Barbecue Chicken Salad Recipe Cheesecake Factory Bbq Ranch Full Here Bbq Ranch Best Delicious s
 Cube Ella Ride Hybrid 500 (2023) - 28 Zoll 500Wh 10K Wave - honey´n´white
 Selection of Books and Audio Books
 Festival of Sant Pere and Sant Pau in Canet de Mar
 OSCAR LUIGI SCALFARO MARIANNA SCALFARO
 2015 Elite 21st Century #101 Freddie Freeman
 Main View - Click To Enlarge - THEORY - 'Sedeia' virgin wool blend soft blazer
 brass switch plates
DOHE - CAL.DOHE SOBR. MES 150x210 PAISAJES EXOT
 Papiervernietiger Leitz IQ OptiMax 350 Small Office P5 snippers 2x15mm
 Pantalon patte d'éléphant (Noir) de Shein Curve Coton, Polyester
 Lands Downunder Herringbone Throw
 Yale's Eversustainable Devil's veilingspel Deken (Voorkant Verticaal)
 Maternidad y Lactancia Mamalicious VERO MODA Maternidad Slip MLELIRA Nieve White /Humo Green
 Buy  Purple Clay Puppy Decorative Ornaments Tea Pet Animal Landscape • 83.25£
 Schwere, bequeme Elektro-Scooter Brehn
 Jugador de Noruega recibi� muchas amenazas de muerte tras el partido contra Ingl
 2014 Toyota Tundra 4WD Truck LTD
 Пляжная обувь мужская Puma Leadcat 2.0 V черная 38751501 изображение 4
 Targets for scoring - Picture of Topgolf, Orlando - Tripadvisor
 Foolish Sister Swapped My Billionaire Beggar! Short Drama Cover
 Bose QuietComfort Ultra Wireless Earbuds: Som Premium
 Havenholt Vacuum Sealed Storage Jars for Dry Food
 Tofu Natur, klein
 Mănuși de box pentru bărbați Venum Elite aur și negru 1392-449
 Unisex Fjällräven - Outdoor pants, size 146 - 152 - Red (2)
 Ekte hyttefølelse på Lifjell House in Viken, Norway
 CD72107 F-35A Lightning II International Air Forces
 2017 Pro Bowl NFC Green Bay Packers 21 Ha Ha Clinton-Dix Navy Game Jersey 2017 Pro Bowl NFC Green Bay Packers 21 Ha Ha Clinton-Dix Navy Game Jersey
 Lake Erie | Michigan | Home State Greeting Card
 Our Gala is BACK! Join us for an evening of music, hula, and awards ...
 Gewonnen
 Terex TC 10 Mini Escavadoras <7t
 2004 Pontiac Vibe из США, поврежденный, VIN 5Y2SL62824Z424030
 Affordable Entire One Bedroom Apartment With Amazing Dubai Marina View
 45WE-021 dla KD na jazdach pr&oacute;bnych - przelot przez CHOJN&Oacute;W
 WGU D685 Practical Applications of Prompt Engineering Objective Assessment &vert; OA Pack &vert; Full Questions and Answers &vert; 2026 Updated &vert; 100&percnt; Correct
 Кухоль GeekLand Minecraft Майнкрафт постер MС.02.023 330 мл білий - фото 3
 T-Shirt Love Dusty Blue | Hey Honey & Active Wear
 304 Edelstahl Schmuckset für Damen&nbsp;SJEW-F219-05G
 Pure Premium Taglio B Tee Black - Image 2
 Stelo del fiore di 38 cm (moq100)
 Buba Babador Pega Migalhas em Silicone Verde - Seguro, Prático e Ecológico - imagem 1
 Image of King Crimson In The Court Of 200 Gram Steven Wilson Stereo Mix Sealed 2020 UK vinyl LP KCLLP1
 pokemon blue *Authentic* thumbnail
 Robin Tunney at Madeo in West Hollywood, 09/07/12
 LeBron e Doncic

-- Required action --
The lines above may hold the string "Full". Say how many do, and give only that number.

-- Response below --
2